The NSA and other government agencies like it have been dealt yet with another near fatal blow. Just a week after the Court of Appeals agreed with the ACLU that the agency’s massive data collection spree was illegal, the House of Representative further reduces the NSA’s power. In an almost landslide vote of 338 to 88, the House passed what is known now as the USA Freedom Act of 2015, which imposes limits on what the government can and cannot demand in terms of private phone data.
To be clear, though, the content of phone calls are still legal fair game for these agencies. The Act, however, puts limits on the metadata, like time and date of call, that can be collected. This also applies to Internet metadata, much to the relief of the likes of Google.
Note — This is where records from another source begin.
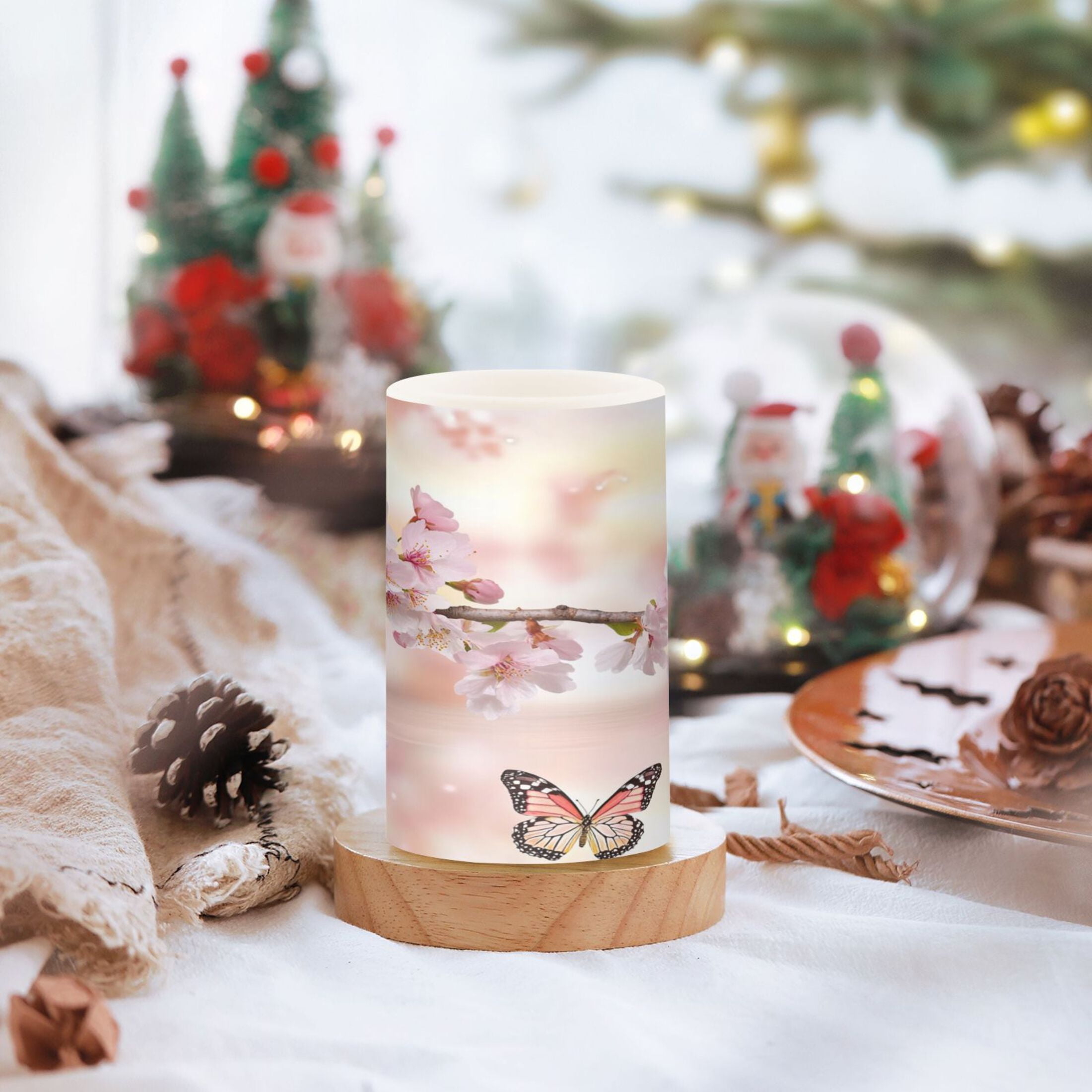 Flameless Candles Lights, Pack of two LED Lights, Dimmable LED Pillar Candles Battery Operated, Flames Remote Control Beautiful Cherry and Butterflies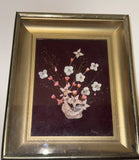 Vintage Dried Flower And Seashell Shadow Box Art Dried Flower
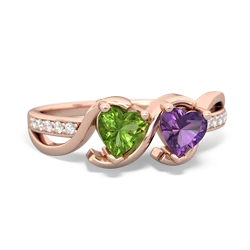 Peridot Side By Side 14K Rose Gold ring R3090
This practically puts a legal end to the bulk collection that the NSA was lambasted for.
The impetus for quickly passing the new Act is the June 1 expiration date of Section 215 of the 2001 Patriot Act, used by the NSA and the like as legal grounds for its massive data collection activities. Lawmakers saw it as an opportunity to re-evaluate the current situation, while there are some who would wish to let it just die silently and ignominiously.
Of course, as the 88 votes showed, there are some who deny that there is a need to change the status quo at all. The usual tune of “for national defense” is being sung and some lawmakers are even working to extend the NSA’s powers.
Although the show of numbers alone is already devastating to the NSA, the fight is not yet over. The Freedom Act still has to pass the Senate, where some Republican members have already showed their opposition to the bill.